During this period, the family were also told by the police that they were free to use the items. They took and put items back into the boxes, but it was not clear if the items that were put back were the same ones removed earlier.
Justice Chan also found that two statements were taken from Ms Parti without an interpreter.
In the light of the judgment, the Attorney-General's Chambers had said it was reviewing the handling of the case. The Ministry of Manpower said it was in consultation with the AGC on whether further action ought to be taken in this case while the Singapore Police Force also said it was looking into how its investigations were conducted.

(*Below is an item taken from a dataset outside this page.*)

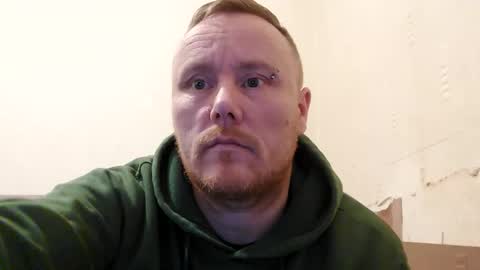 Snapshot of man0man1982 chatting on 02/16/25, 07:05 man0man1982 online show from 02/16/25, 07:05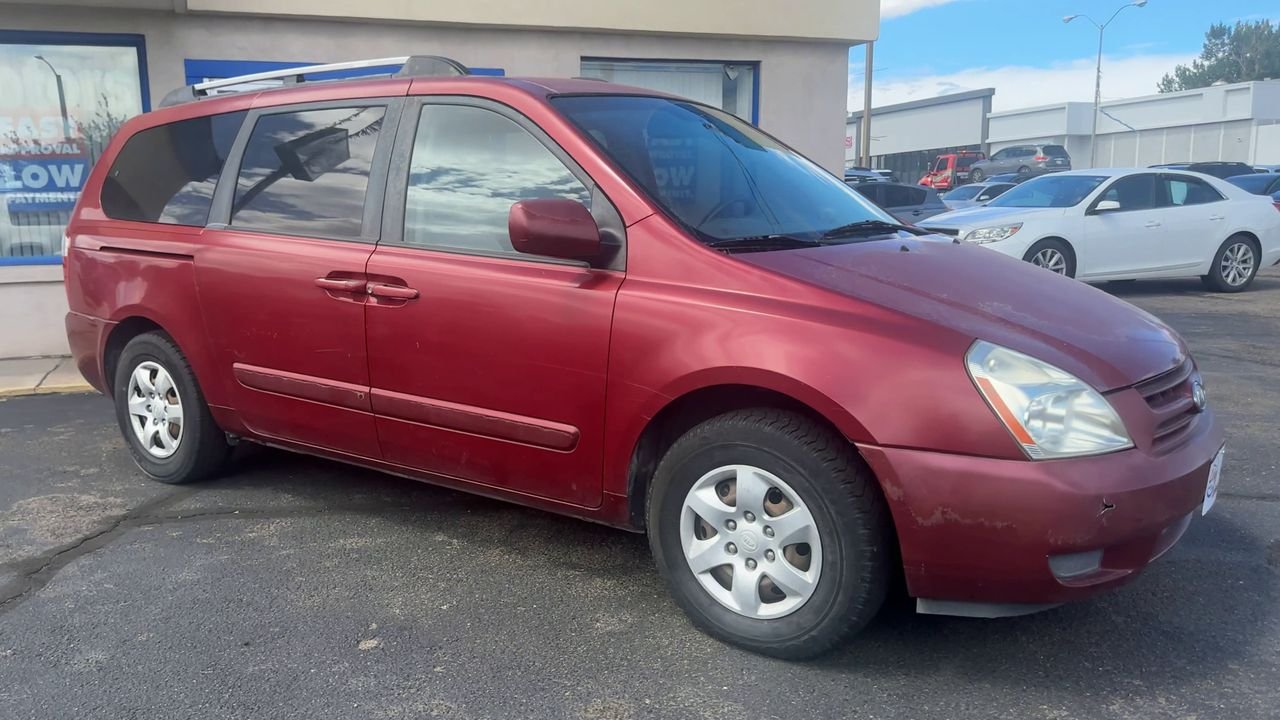 2008 Kia Sedona LX photo 2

At this stage, only leave for an inquiry to be held is being sought under the originating summons filed by Ms Parti.
The inquiry precedes the disciplinary tribunal proceedings on whether there are grounds for convening one.
If Ms Parti succeeds in her application, a disciplinary tribunal may then be appointed to hear the case and submit its findings to the Chief Justice.
The Chief Justice can dismiss the case if the tribunal finds no cause of sufficient gravity for disciplinary action, or give orders to have punishments imposed, such as censure, paying a penalty of up to $20,000, or any other order deemed appropriate.
Ms Parti filed the summons under Section 82A of the Legal Profession Act, which deals with misconduct by legal service officers and the penalties if they are found guilty.